2La première partie de l’ouvrage s’efforce d’étudier un certain nombre d’obstacles de divers ordres à la citoyenneté. Comme le suggère Fred Poché dans le premier chapitre, il faut sans doute rechercher l’unité de ces études, par-delà l’hétérogénéité de leurs objets, de leurs références théoriques et méthodologiques, dans la perspective des subaltern studies, héritées d’Antonio Gramsci et de « l’histoire par le bas » d’Edward Palmer Thompson. Il s’agit donc de penser la citoyenneté à partir des oubliés dans un contexte sociologique marqué par le délitement de la société et « les passions tristes » qui l’accompagnent : méfiance généralisée, peur de l’autre et sentiment d’impuissance.

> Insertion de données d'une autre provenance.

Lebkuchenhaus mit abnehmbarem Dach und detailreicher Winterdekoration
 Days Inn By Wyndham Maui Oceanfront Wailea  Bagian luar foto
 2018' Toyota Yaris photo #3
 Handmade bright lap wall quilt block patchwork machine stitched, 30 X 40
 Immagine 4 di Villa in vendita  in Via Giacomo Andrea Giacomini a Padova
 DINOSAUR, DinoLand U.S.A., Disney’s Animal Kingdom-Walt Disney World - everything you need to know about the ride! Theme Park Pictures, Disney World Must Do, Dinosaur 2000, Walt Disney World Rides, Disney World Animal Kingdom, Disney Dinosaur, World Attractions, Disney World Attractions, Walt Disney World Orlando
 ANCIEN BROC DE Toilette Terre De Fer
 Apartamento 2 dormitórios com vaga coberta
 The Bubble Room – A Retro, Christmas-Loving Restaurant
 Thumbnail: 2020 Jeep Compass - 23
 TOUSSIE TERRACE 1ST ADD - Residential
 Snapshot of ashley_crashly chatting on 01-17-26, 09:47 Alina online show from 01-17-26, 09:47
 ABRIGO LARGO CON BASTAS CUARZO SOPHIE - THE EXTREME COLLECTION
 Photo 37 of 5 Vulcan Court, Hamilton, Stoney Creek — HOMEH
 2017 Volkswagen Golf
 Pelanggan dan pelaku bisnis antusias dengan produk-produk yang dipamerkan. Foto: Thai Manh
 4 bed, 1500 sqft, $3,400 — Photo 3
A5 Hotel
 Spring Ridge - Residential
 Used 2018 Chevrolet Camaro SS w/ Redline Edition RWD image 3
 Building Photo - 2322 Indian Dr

3Le cas de l’histoire récente du Rwanda, celle de la colonisation et de l’indépendance, retracée par Éric Mutabazi, témoigne des ravages d’une citoyenneté fondée sur l’ethnicité qui divise la population en privilégiés et « subalternes », ce qui ne manque pas de soulever, en réaction, un certain nombre de « revanches ethniques », allant, sur ce cas précis, jusqu’au génocide de 1994. Dans les pays occidentaux, aux populations plus pacifiées, se manifestent d’autres types d’empêchements, certes moins sanglants mais préoccupants pour la démocratie, comme l’utilisation des réseaux sociaux dans les campagnes électorales américaine (2008) et française (2012). Pour Anaïs Theviot, ces moyens de communication visent moins la participation directe des citoyens que l’évacuation des tiers (journalistes, régulateurs) dans un face à face qui favorise la manipulation et la désinformation. D’où l’urgence d’une éducation au numérique. Jean-Yves Robin tente, lui, de comprendre le paradoxe de l’irresponsabilité des soi-disant « responsables » que sont les patrons et managers, face aux crises financières, économiques et écologiques. Cette irresponsabilité de ces « dirigeants » en fait « dirigés » par leurs actionnaires constitue un péril démocratique. Faut-il alors s’en remettre à un pouvoir autoritaire, à une technocratie, aux espoirs post-humanistes, ou plutôt réapprendre la sagesse des limites ? L’âge a également son importance dans la citoyenneté. Pour Dominique Kern, celle des plus âgés s’avère marquée par un horizon temporel spécifique, une grande hétérogénéité individuelle, une accumulation d’expériences. Ces caractéristiques invitent à des échanges inter-âges, en vue d’éviter les conflits générationnels et la relégation politique des personnes âgées.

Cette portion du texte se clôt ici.